Tu novio te miraba con los ojos entrecerrados y la cabeza hundida en la almohada. No te habías dado cuenta, pero el recuerdo de Rabec te había hecho sonreír.

—Nada —dijiste—. Una estupidez.

A veces Gonzalo te hablaba dormido. Una noche discutieron así: vos estabas mirando televisión, Gonzalo te empezó a insultar en voz baja, con los ojos abiertos, inyectados en sangre, y la mirada como si no pudiera terminar de enfocarte. Tardaste en darte cuenta de que te hablaba entre sueños. Le dijiste de todo. Después entendiste y lo empezaste a boludear. Al principio esas cosas te divertían.

Terminaste de corregir los exámenes que faltaban. Apagaste la luz. Te pasó lo mismo que en las últimas semanas: ni bien acomodabas la cabeza en la almohada te ponías a pensar. ¿Las demás profesoras habían probado el ácido? Vos sí: varias veces, pero la que más te acordabas era cuando Tiësto tocó en la catedral. Te habías metido una pastilla de éxtasis, ketamina y medio ácido. A las tres de la mañana estabas sentada contra la pared, con la cabeza entre las piernas viendo túneles de colores. ¿Cuánto tiempo había pasado? Recién te recibías, eras licenciada y ya dabas clases en una universidad. Habías estudiado en una privada, igual que tus alumnos, por eso habías terminado la carrera demasiado joven y te había quedado tiempo para seguir haciendo cualquiera. No eras la única. Había una generación de profesionales como vos y encima te pagaban para formar a la generación siguiente. Seguías sintiéndote una pendeja. Dar clases era un trabajo de una vez por semana que te permitía salir, tomar pastillas, mirar todas las películas de cine francés y leer todos los libros que quisieras sin que tu papá o tu mamá te presionaran. La hija típica de la clase media de los noventa. Ese subtipo snob que vivía su pasado menemista con culpa.
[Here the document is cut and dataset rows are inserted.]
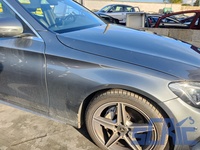 Mercedes Classe C S205 C 220 D 4MATIC 170CV 2015-2018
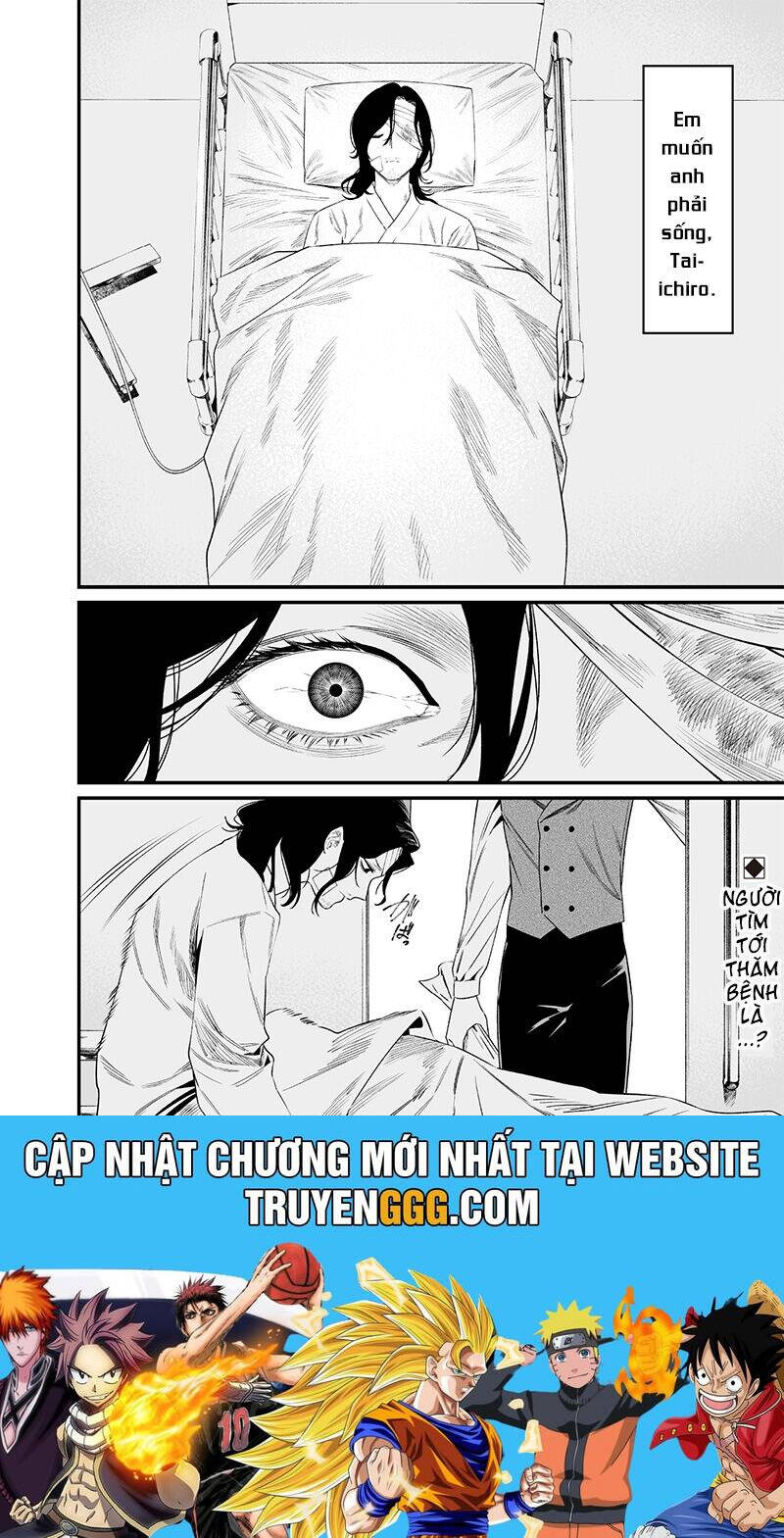 Maria Đoạn Tội Chapter 34 - 20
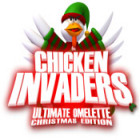 Chicken Invaders: Ultimate Omelette Christmas Edition juego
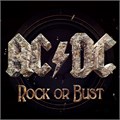 AC/DC - ROCK OR BUST 888750348418 - фото 2793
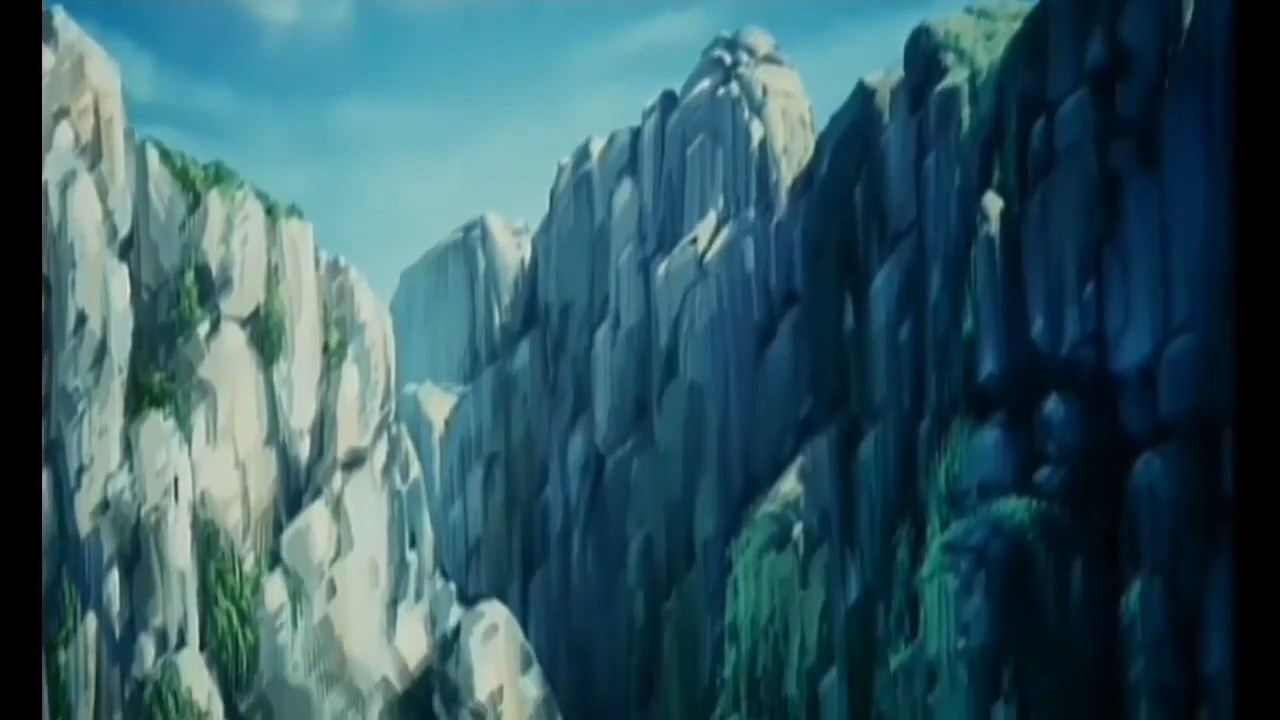 Легенда о божественном луке — скриншот 22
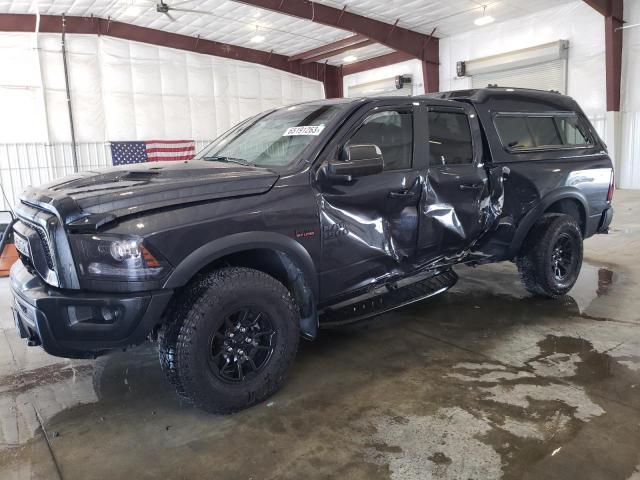 Ram 1500 class (2021)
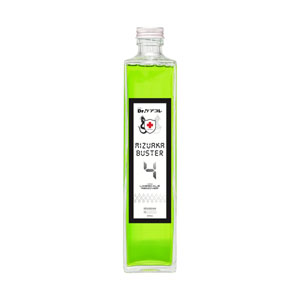 スパシャン SPASHAN スパシャン 水アカバスター4 500ml 水垢除去剤 2倍希釈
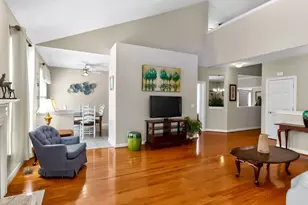 408 Knotts Valley Ln, Cary, NC 27519 - Photo 11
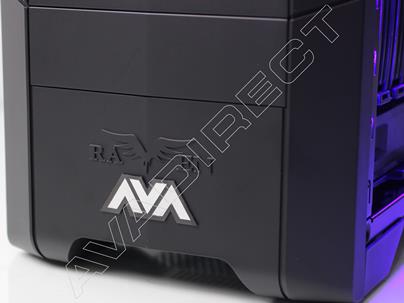 avadirect tower gaming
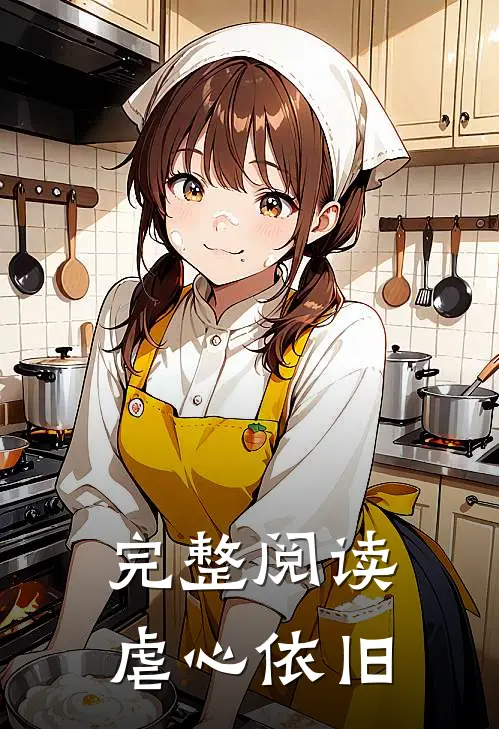 完整阅读虐心依旧
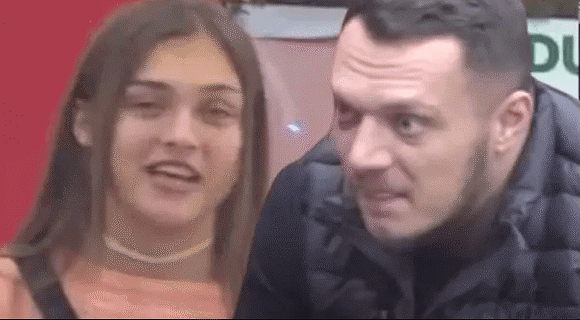 Gasttozz dokazao dirljivim gestom koliko mu je stalo do Sofi – uskoro raskida sa Anđelom?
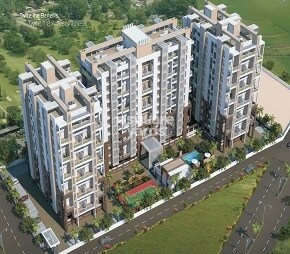 Venkatesh Oxy Evolve, Wagholi, Pune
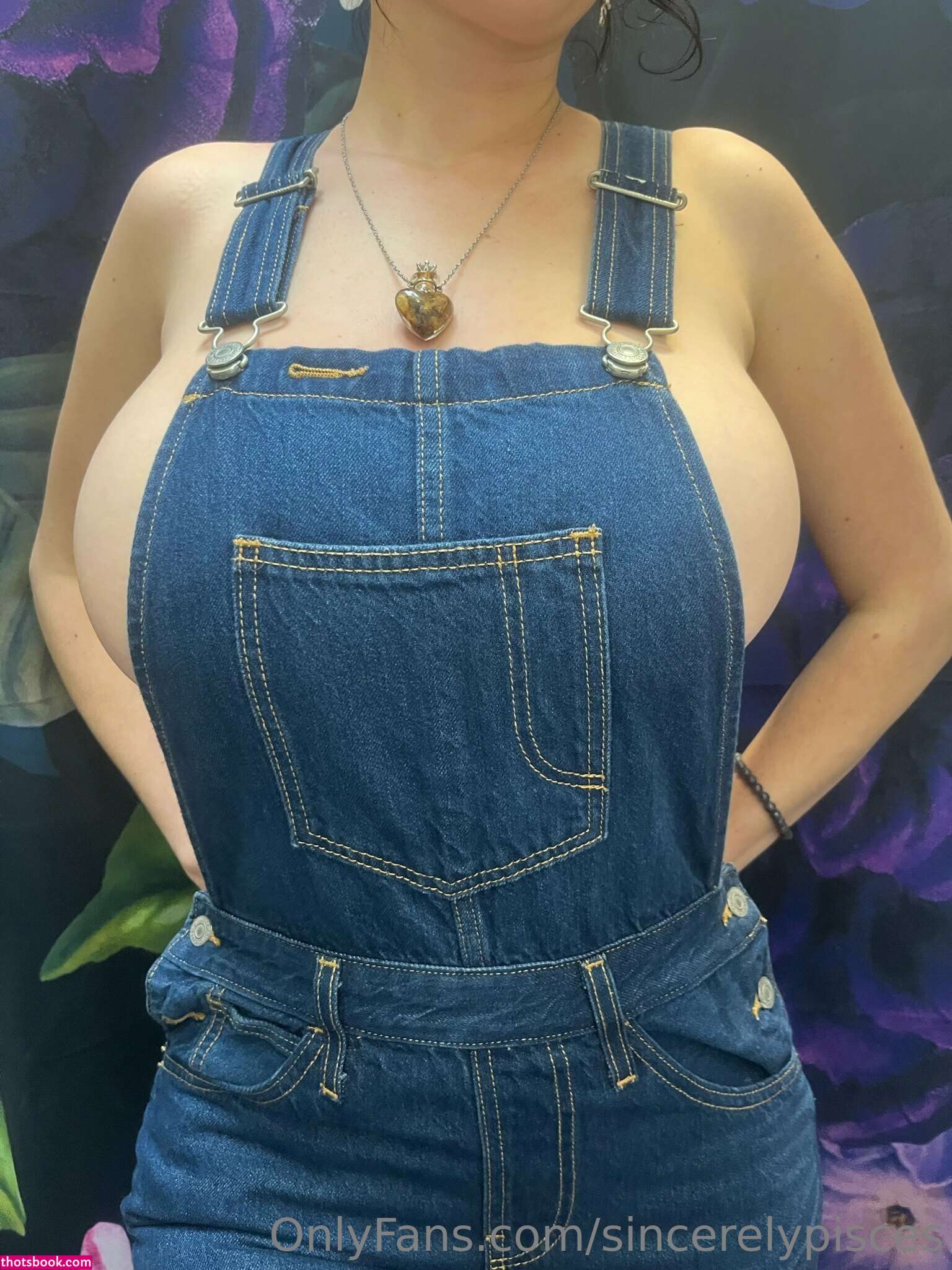 SincerelyPisces Nude OnlyFans Photos #15 905806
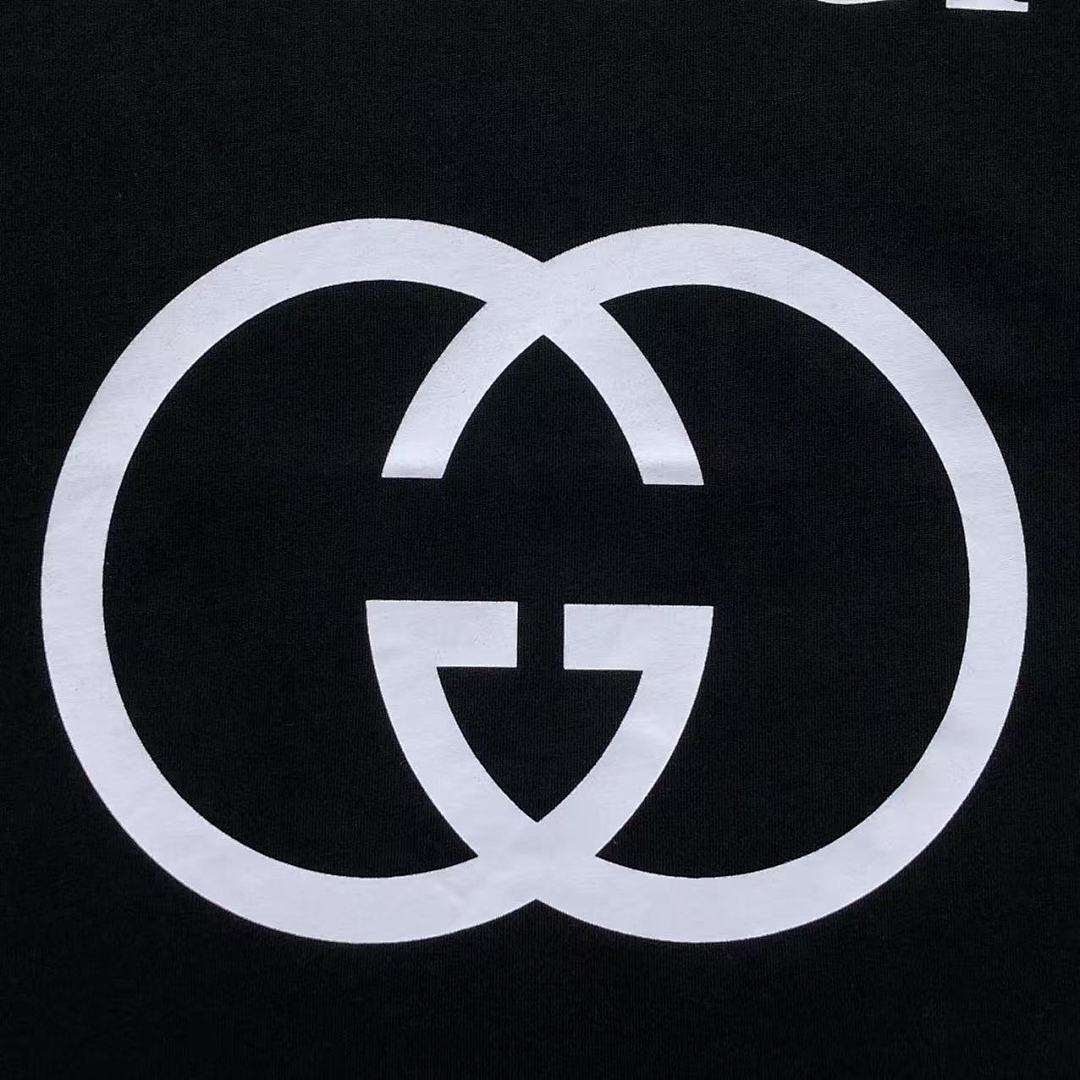 Gucci 78 G⭐C⭐I T-SHIRT 5051623101 (Im 170Cm 60Kg I Wear Size S In The Phot) - Image 12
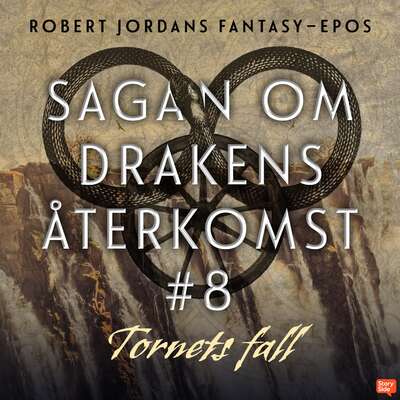 Tornets fall - Robert Jordan.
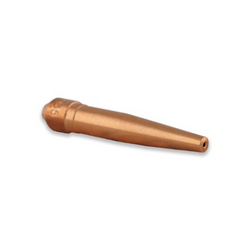 MILLER Bernard® Centerfire™ Contact Tip, .035 in., tapered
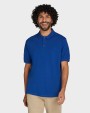 SG CLOTHING Cotton Polo Men Poloshirts personalisierbar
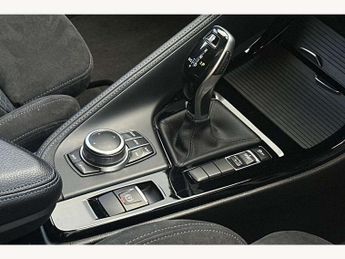 BMW X1 sDrive 20i M Sport 5dr Step Auto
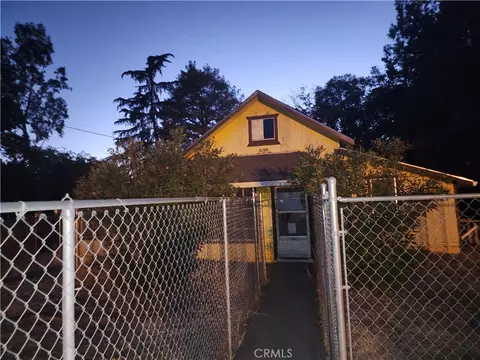 8199 Sherwood, Los Molinos, CA 96055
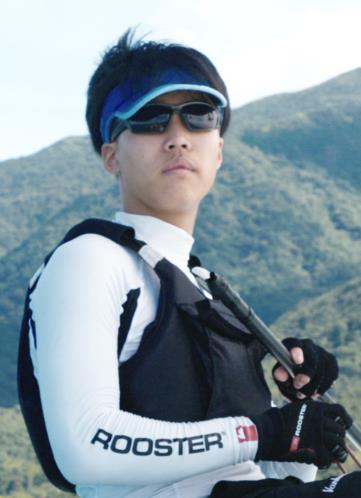 馮子騰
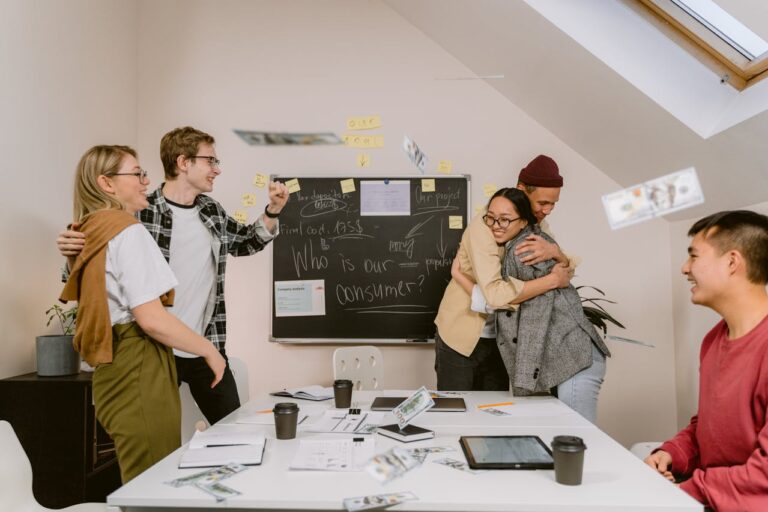 coworking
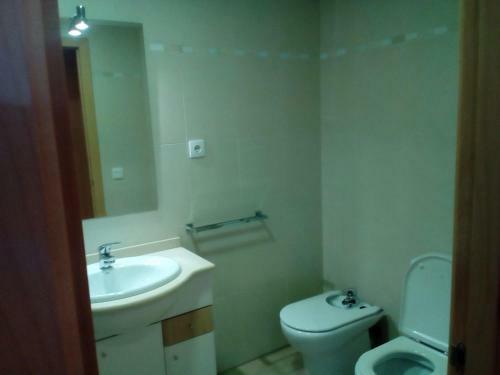 Apartamento Casa Polly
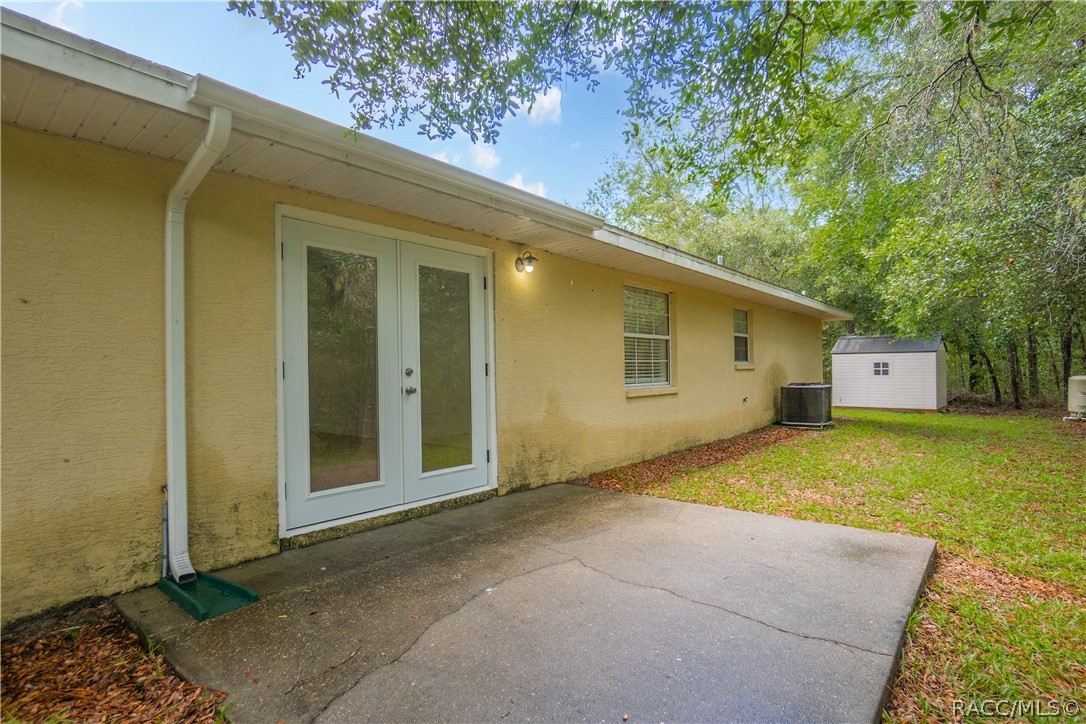 3097 East Porter Street Inverness, FL 34453 - Photo 25 of 33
Ahora escondías el examen de un alumno y tratabas de dormir acercándole el pie a la pierna de tu novio. De sentirte una liebre saltando en la pista de un boliche donde por momentos flasheabas que tenías las manos hechas de plumas, hasta pararte frente a un curso de veinticinco adolescentes que también –como todos– querían ser licenciados en algo. Vos repitiendo lo mismo de cada año: pirámide invertida, las cinco W, la importancia de aprender a escribir el encabezado o lead de la noticia. Todos esos datos con los que te ganabas la vida y a los que habían quedado reducidos tus proyectos de ser escritora. Pero esta vez fue distinto porque entre los alumnos estaba Rabec. Te miraba con los brazos cruzados, directo a los ojos, tomando nota si decías algo importante, pasando por alto a la rubia con voz de pito que se sentaba en el banco de al lado y le histeriqueaba. ¿Cuántas profesoras tenían plantas de marihuana en su casa? ¿Cuántas se fumaban un porrito cada tanto? La próxima clase, ni bien entraras al curso, ibas a pedirles a los alumnos que fueran a buscar los exámenes a tu escritorio, por apellido, y cuando le tocara a Rabec le ibas a preguntar, en voz baja, si se volvían a ver. También podías mandarle un mensaje, pero te parecía exponerte demasiado. Tenías que evaluar qué era más peligroso: si hablarle en voz baja delante de todo el curso o mandarle un mensaje y que quedara tu número guardado, tu ¿cuándo nos vemos?, algo que pudiera traerles problemas a los dos. Lo mejor era hacerle una llamada perdida después de la clase, cuando estuvieran mezclados con los demás alumnos que salían de las otras aulas, y que entonces Rabec te llamara y decirle que lo esperabas en la estación Ángel Gallardo. Ibas a ponerte la campera de cuero. Una campera de cuero te devolvía algo, un aire, de lo que habías sido. Gonzalo se dio vuelta en la cama. Te apoyó una mano sobre la pierna. Ya sé que estamos solos en una calesita, dijo Gonzalo, pero hacía tiempo que ni siquiera te daban ganas de boludearlo cuando te hablaba dormido.